And goodness knows what else they’ve been doing. We’re not over the top when we
say the nuclear industry can’t be trusted and their underhand methods of trying
to see off their opponents make them incompatible with democracy.
In 2006, EDF hired a private detective agency
called Kargus Consultants, run by a former member of the French secret
services, to work out what Greenpeace France was planning. The agency hacked
the computer of Yannick Jadot, Greenpeace’s then campaigns director, taking
1,400 documents from his computer.
At 14.00 today French Judge Isabelle
Prévost-Desprez pronounced a verdict of guilty in the trial of French state
owned energy giant EDF, which was accused of industrial scale espionage against
Greenpeace. She sentenced EDF executive Pierre-Paul François to three years
imprisonment, with 30 months suspended and Pascal Durieux three years imprisonment,
two years suspended and a 10,000 Euro fine for commissioning the spying operation.
The judge also handed down a guilty verdict in the
case of Thierry Lorho, the head of Kargus, the company employed by EDF to hack
into the computers of Greenpeace. He has been sentenced to three years in jail,
with two suspended and a 4,000 Euro fine.
EDF has been fined 1.5 million Euros and ordered to
pay half a million Euros in damages to Greenpeace.

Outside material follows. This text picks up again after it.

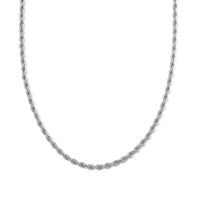 Rope Chain Necklace in Stainless Steel 28 Inches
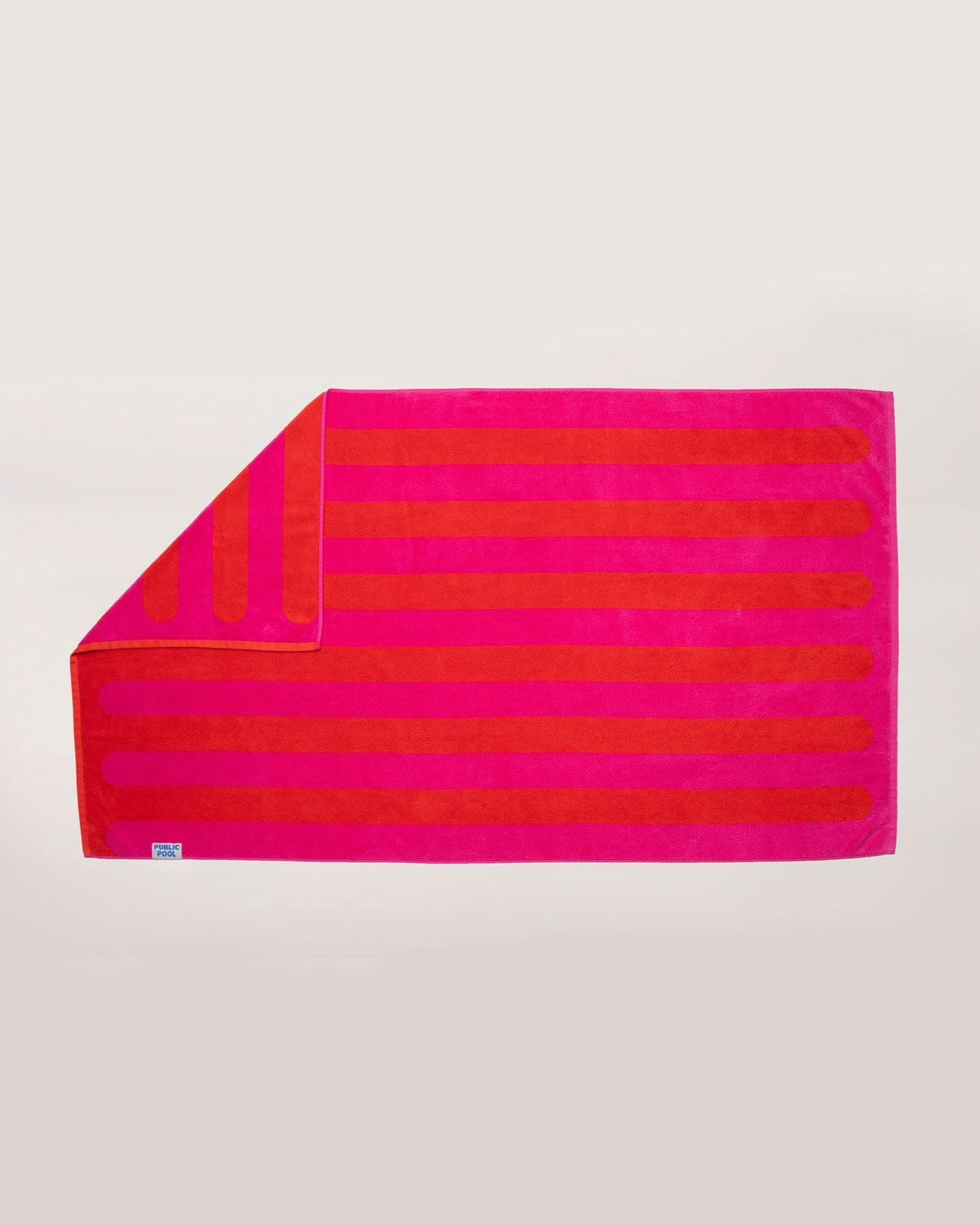 Classic Cabana Towel — Cherry Ice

Speaking from alongside the new Rainbow Warrior,
currently on its maiden voyage and docked in London,
Greenpeace UK’s
executive director, John Sauven,
said: “The evidence presented at the trial showed that the espionage
undertaken by EDF in its efforts to discredit Greenpeace was both extensive and
totally illegal. The company should now give a full account of the spying
operation it mounted against its critics. As one of the six companies with a
monopoly over electricity supply in this country and a major sponsor of the
Olympics, EDF has a duty to come clean. The length of the sentences handed down
shows just how seriously the judge views what the French state owned company
did.”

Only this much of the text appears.